Use XML values for volume metadata in API
For example, https://api.case.law/v1/volumes/NOTALEPH001226/ shows start_year 0, when the xml_start_year value in the database is 1980.
Values Overview
-
spine_[start/end]_year- used in API
- in 18,614 volumes, both fields have a value of
0 - in 1,145 volumes, both fields are null
- 4 volumes have years that don't fit
(1|2)[0-9]{3}. The values are194444,197,20001and66
-
xml_[start/end]_year- used only as a backup to populate
start_year - in 2,178 volumes,
xml_start_yearisnull - in 725 volumes,
xml_end_yearisnull
- used only as a backup to populate
-
[start/end]_year- doesn't really seem to be used anywhere— seems to almost exlcusively be referred to in the models file or the fastcase ingest where it's used as a backup
- in 1,147 volumes, both fields are
null - in 20,240 volumes,
start_yearis set to0 - in 20,246 volumes,
end_yearis set to0
Differences
They only all agree in 264 volumes.
xml_start_year = spine_start_year: 448
xml_end_year = spine_end_year: 585
start_year = spine_start_year: 30,163
end_year = spine_end_year: 30,286
start_year = xml_start_year: 396
end_year = xml_end_year: 585
Digging into spine_end_year and end_year differences
Here are the instances where they disagree, neither value is null, and neither value is zero.

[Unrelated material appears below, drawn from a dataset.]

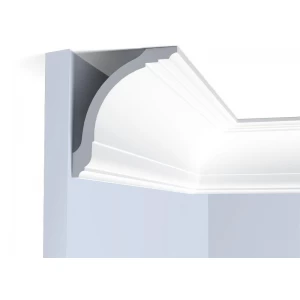 Карниз Hiwood A118 (90,2мм х 76,4мм х 2,0м.)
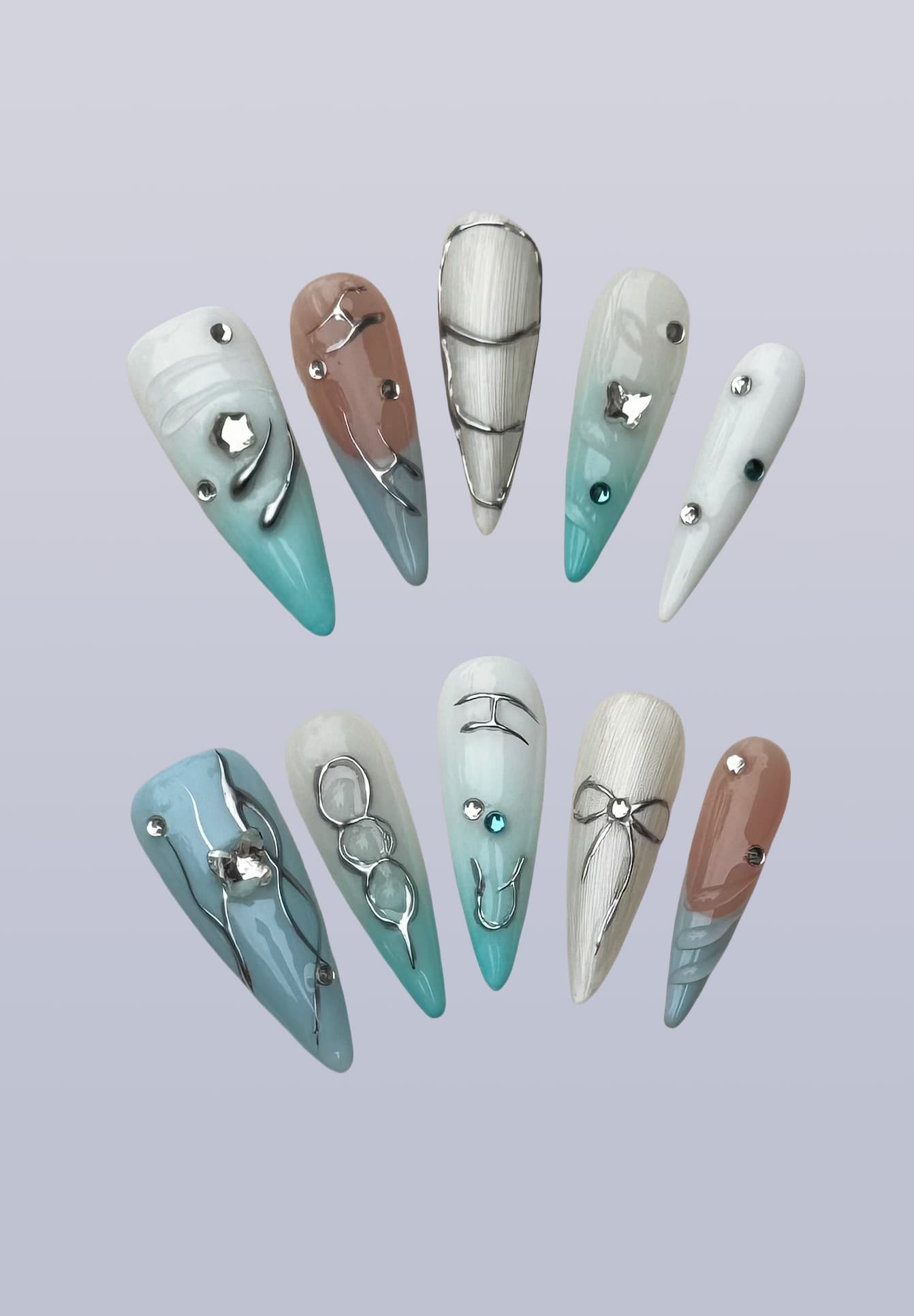 K&S Nails portfolio image 9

They mostly look like simple key transcriptions that could be corrected pretty easily, automatically by comparing to the cases, or OCR errors. I also included xml_end_year but it was not used in the calculation.
end_year_spine_end_year_disagreements.csv
Potential Remediation
Though this obviously isn't a comprehensive analysis, I'm can't see any reason to keep more than one of these values. Instances where there's only one value that really is a year wouldn't be worse off regardless of accuracy. I think we could figure out most of the larger differences— e.g. off by n * 10 and off by n * 100 and larger differences— with a partially automated or script-assisted process based on the other volume metadata values or case metadata. The off-by-1 issues might be a little trickier to nip becuase the problems are less obvious and probably more varied (may require looking at the PDFs?) and there are a lot of them.